**ACTION ITEM**.
The data below holds a line containing "Product image 2 of 3" and a line containing "konyada-hatirdan-hatiraya-kultur-turu-ilgi-goruyor-1Ce5vtwa.jpg"; please quote exactly those two lines and every line between them, and nothing else.

---------- RECORDS TO PROCESS

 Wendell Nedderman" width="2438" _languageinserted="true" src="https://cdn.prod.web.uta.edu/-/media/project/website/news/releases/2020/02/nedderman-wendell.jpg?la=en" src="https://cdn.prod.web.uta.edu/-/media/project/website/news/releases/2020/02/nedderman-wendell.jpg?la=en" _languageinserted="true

--------------------
---------- RECORDS TO PROCESS

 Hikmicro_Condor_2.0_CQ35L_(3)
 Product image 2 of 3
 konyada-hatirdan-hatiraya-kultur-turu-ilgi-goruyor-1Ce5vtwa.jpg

--------------------

**RESPONSE BELOW**.
 Product image 2 of 3
 konyada-hatirdan-hatiraya-kultur-turu-ilgi-goruyor-1Ce5vtwa.jpg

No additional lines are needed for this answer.